Introduction: The Race to Regulate Embodied Carbon
European countries have adopted or proposed mandatory embodied carbon limits or calculation requirements for new buildings — a trend that the EPBD recast will accelerate across all 27 EU member states.
The conversation about carbon in buildings has shifted decisively. Where once the debate centred on insulation thickness, heating systems, and energy ratings, the frontier has moved to embodied carbon — the greenhouse gas emissions locked into the materials, components, and construction processes that make up the physical fabric of a building.
This shift is driven by a simple mathematical reality: as operational energy efficiency improves toward near-zero levels, embodied carbon becomes the dominant share of a building’s total lifecycle emissions. In a well-insulated, electrified new building connected to a decarbonised grid, embodied carbon can account for 50–80% of total lifecycle greenhouse gas emissions over a 50-year reference period.
European countries are responding with regulation. A growing number of EU member states have introduced or proposed mandatory embodied carbon limits, whole-life carbon calculations, or climate declarations for new buildings. The EPBD recast (Directive 2024/1275) will extend this trend across the entire EU by requiring whole-life GWP calculation for new buildings.
This article maps the current landscape of embodied carbon regulation in Europe, compares the approaches taken by leading countries, and explains what these regulations mean for construction-product manufacturers and their EPD strategies.
The Regulatory Landscape: Country by Country
France: RE2020 — The Most Ambitious Framework
France’s Réglementation Environnementale 2020 (RE2020) is the most comprehensive embodied carbon regulation in Europe. In force since January 2022 for new residential buildings (and progressively extended to other building types), RE2020 sets mandatory maximum carbon thresholds expressed in kg CO₂ eq. per m² of floor area over a 50-year reference study period.
RE2020 phased tightening: The regulation’s thresholds decrease in three-year cycles — 2022, 2025, 2028, and 2031. Each phase requires meaningful reductions in embodied carbon, driving progressive decarbonisation of the materials supply chain. The 2031 targets are expected to require fundamental changes in material selection and manufacturing processes for high-carbon products.
Key features of RE2020:
- Dynamic energy and carbon targets combined in a single framework
- Separate thresholds for building energy systems and construction materials
- Biogenic carbon accounting — credits for carbon stored in bio-based materials (timber, straw, hemp), incentivising their use
- National EPD database (INIES) as the primary data source for material-level carbon calculations
- Default penalty values for products without EPDs — creating strong market pressure for manufacturers to provide declarations
| RE2020 phase | Residential threshold (Ic_construction) | Effective date |
|---|---|---|
| Phase 1 | 640 kg CO₂ eq./m² | January 2022 |
| Phase 2 | 530 kg CO₂ eq./m² | January 2025 |
| Phase 3 | 415 kg CO₂ eq./m² (proposed) | January 2028 |
| Phase 4 | To be defined | January 2031 |
Netherlands: MPG — Pioneering Environmental Performance
The Netherlands has operated the Milieuprestatie Gebouwen (MPG) — Environmental Performance of Buildings — as a mandatory requirement since 2013 for new residential buildings and office buildings.

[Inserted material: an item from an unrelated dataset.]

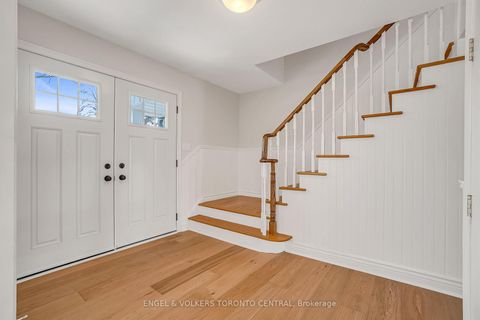 Photo 4 at 33 Avonwick Gate, Donalda, Toronto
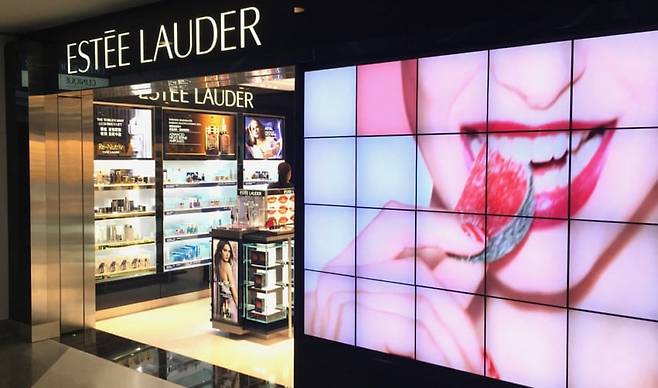 미국 뉴욕에 있는 에스티로더 매장. /트위터 캡처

The MPG uses a shadow-cost methodology that aggregates 11 environmental impact indicators (including GWP, but also acidification, eutrophication, ozone depletion, abiotic resource depletion, and others) into a single score expressed in €/m²/year.
The maximum MPG score has been progressively tightened:
- 2013: MPG ≤ 1.00 €/m²/year
- 2018: MPG ≤ 0.80 €/m²/year
- 2021: MPG ≤ 0.80 €/m²/year (maintained)
- 2025: MPG ≤ 0.50 €/m²/year (proposed further tightening)
The Dutch system uses the national Nationale Milieudatabase (NMD) as its mandatory data source. Products included in the NMD have verified environmental data; products not in the database receive conservative default values that penalise their use in building designs.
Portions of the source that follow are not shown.